Os resultados da viagem mostram a Bolsonaro que seu papel como presidente é muito mais amplo do que apenas oferecer uma cesta de produtos e colocá-los à venda. Para isso, servem os ministros e assessores. E a titular da pasta da Agricultura, Tereza Cristina, aliás, fez esse papel ao visitar os países árabes meses antes para interceder, por exemplo, pelo frango que a brasileira BRF produz nos Emirados Árabes Unidos.

Paz fora, muita confusão em casa
Apesar de trazer conquistas na bagagem, Bolsonaro chega a Brasília nesta quinta-feira (31/10/2019) para encontrar uma casa bagunçada. É até difícil compreender como o presidente conseguiu, em menos de uma semana, estando do outro lado do mundo e com um fuso horário que o afastava do horário comercial brasileiro, se envolver em tantas confusões – a maioria por iniciativa própria.

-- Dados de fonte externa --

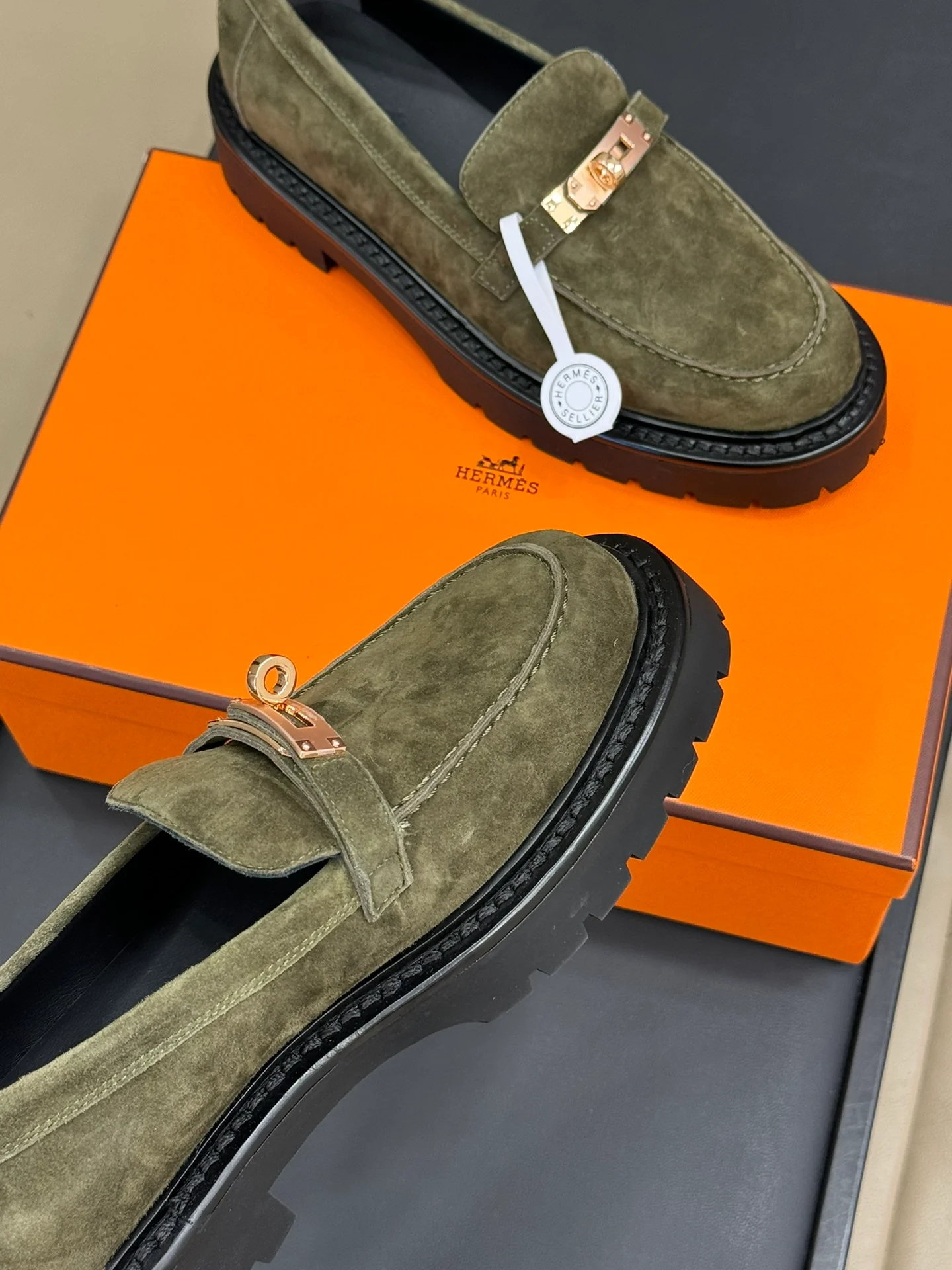 Лоферы Hermes 2024 - темно-зеленые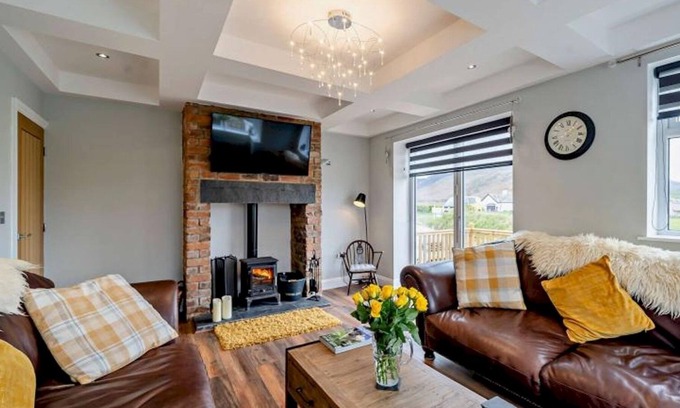 Silecroft House | Pass the Keys | Luxury Cottage with Hot Tub near Secluded Beach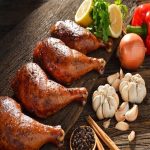Gà quay tiêu thơm ngon nóng hổi vừa thổi vừa ăn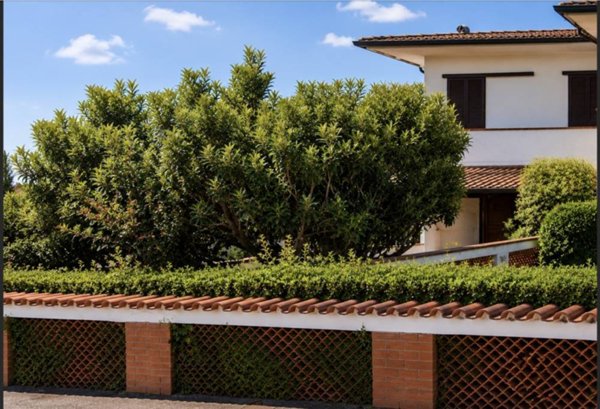 casa indipendente in vendita a Pietrasanta in zona Tonfano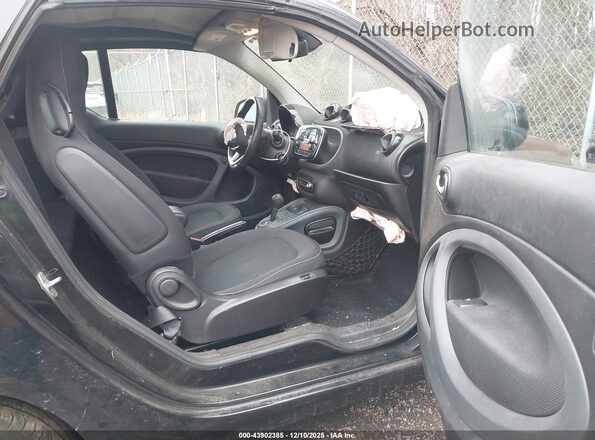 WMEFK5DA9HK152980 2017 SMART FORTWO Black Вид салону спереду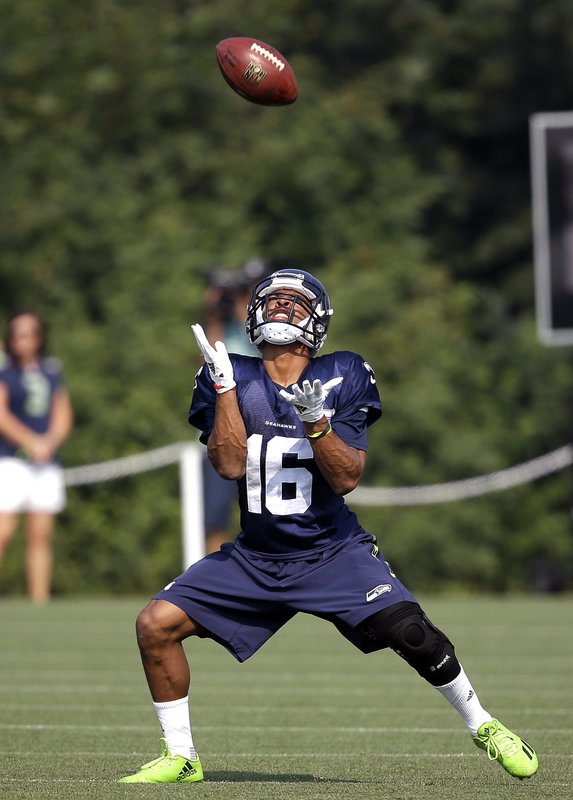 Recovered From Broken Leg Lockett Practices For Seahawks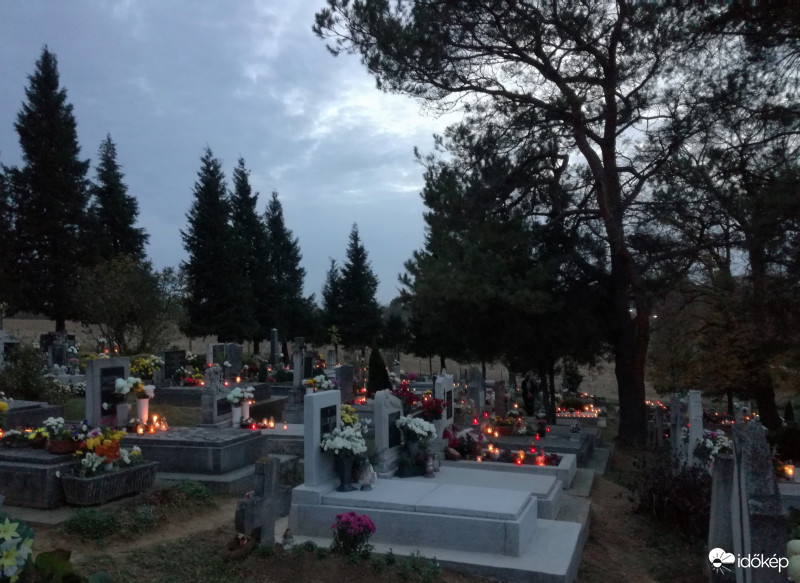 Estefelé a temetőben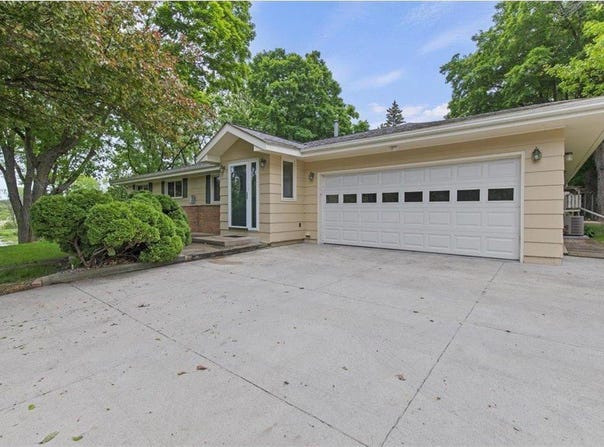 5935 County Road 11, Independence, MN 55359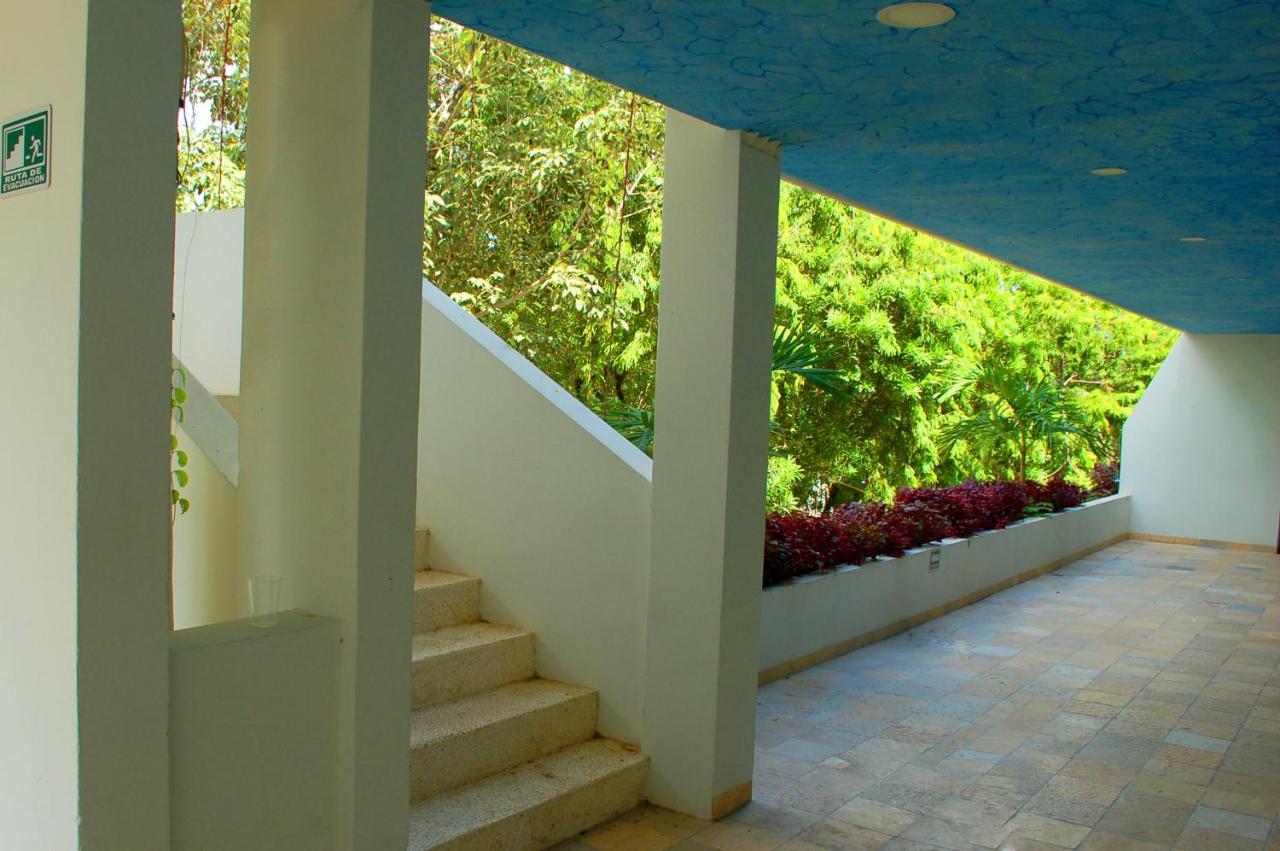 Axkan Hotel 4*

De longe, o chefe do Executivo:

1. Não agiu para amenizar a crise do PSL (pelo contrário, disse que a melhor solução seria mesmo dividir as alas rivais em duas siglas); 2. Começou com o pé esquerdo a relação com o presidente eleito de um dos principais parceiros históricos do Brasil, a Argentina; e 3. Provocou uma grande crise institucional com a Suprema Corte do país.

O último e mais barulhento problema, a citação de seu nome na investigação do assassinato da vereadora carioca Marielle Franco (PSol) não partiu do presidente, mas ele conseguiu agravar a situação ao apostar na guerra aberta com um governador que até pouco tempo poderia ser apontado como um aliado.

Resta saber que inspirações o presidente leva ao Brasil após se encantar com países onde valores como democracia, liberdade de expressão e direitos humanos não são levados em grande conta.